• **Image-text web data**:
-------------------------

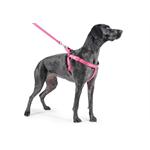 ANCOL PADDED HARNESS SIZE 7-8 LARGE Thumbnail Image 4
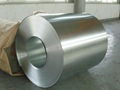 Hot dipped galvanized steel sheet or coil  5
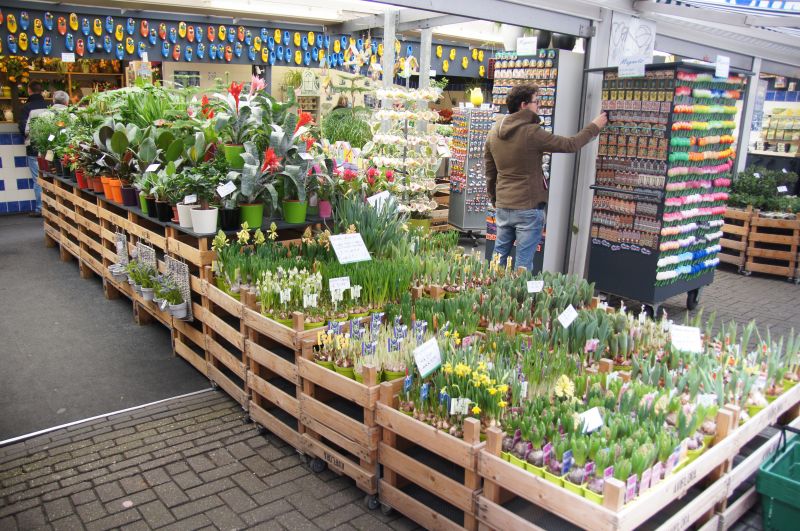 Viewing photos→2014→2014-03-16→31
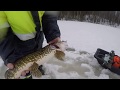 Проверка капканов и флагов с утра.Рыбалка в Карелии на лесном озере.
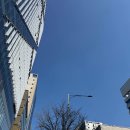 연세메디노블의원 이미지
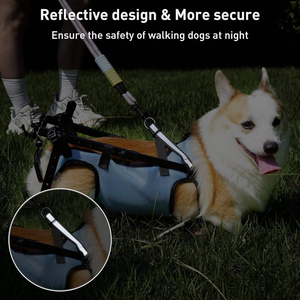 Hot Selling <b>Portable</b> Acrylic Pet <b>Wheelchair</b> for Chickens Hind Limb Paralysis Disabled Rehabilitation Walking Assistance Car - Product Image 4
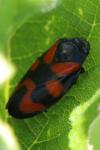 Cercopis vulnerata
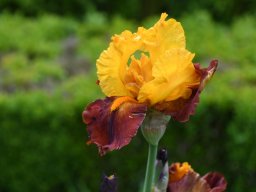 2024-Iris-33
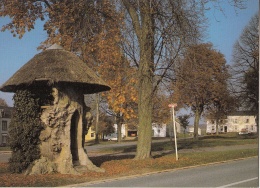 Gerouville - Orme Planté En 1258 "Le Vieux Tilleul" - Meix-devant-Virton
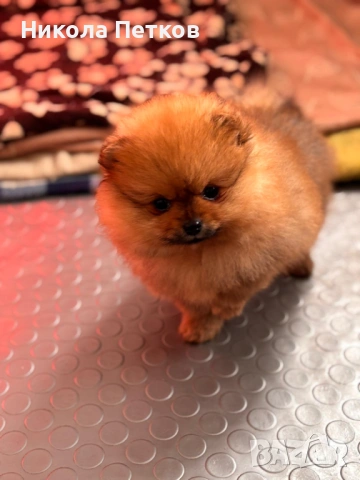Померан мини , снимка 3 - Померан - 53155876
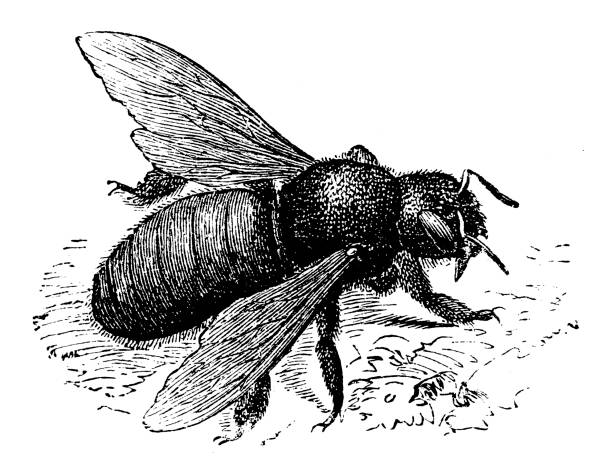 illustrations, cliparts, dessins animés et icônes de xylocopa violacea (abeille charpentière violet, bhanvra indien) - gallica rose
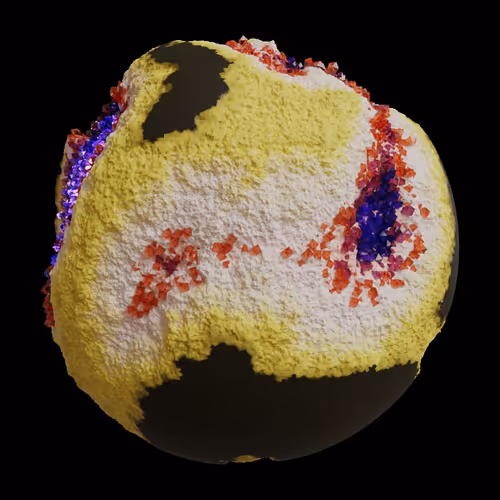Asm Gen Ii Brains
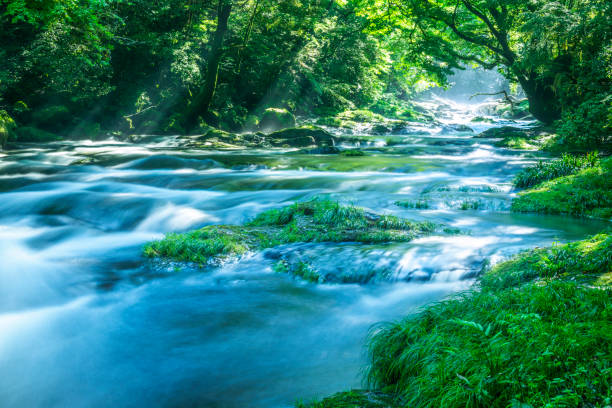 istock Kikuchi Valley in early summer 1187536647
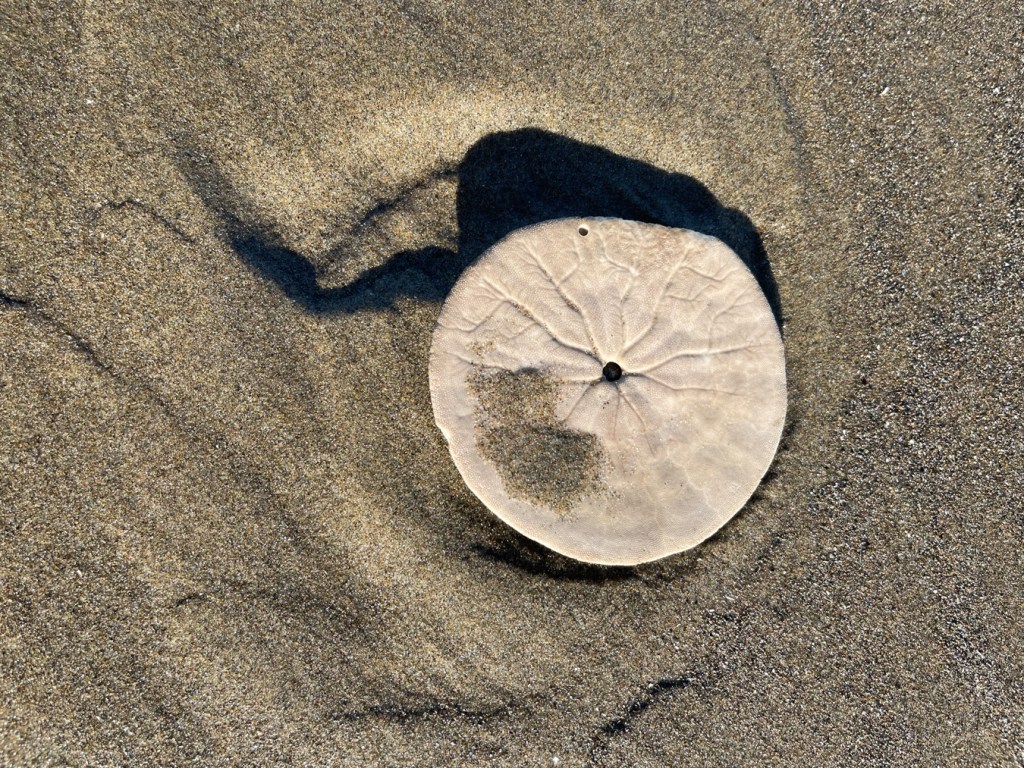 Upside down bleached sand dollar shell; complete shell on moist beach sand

-------------------------

• **Work request**:
Repeat each line above exactly. The pictures stay out.

• **Exercise answer**:
 ANCOL PADDED HARNESS SIZE 7-8 LARGE Thumbnail Image 4
 Hot dipped galvanized steel sheet or coil  5
 Viewing photos→2014→2014-03-16→31
 Проверка капканов и флагов с утра.Рыбалка в Карелии на лесном озере.
 연세메디노블의원 이미지
 Hot Selling <b>Portable</b> Acrylic Pet <b>Wheelchair</b> for Chickens Hind Limb Paralysis Disabled Rehabilitation Walking Assistance Car - Product Image 4
 Cercopis vulnerata
 2024-Iris-33
 Gerouville - Orme Planté En 1258 "Le Vieux Tilleul" - Meix-devant-Virton
Померан мини , снимка 3 - Померан - 53155876
 illustrations, cliparts, dessins animés et icônes de xylocopa violacea (abeille charpentière violet, bhanvra indien) - gallica rose
Asm Gen Ii Brains
 istock Kikuchi Valley in early summer 1187536647
 Upside down bleached sand dollar shell; complete shell on moist beach sand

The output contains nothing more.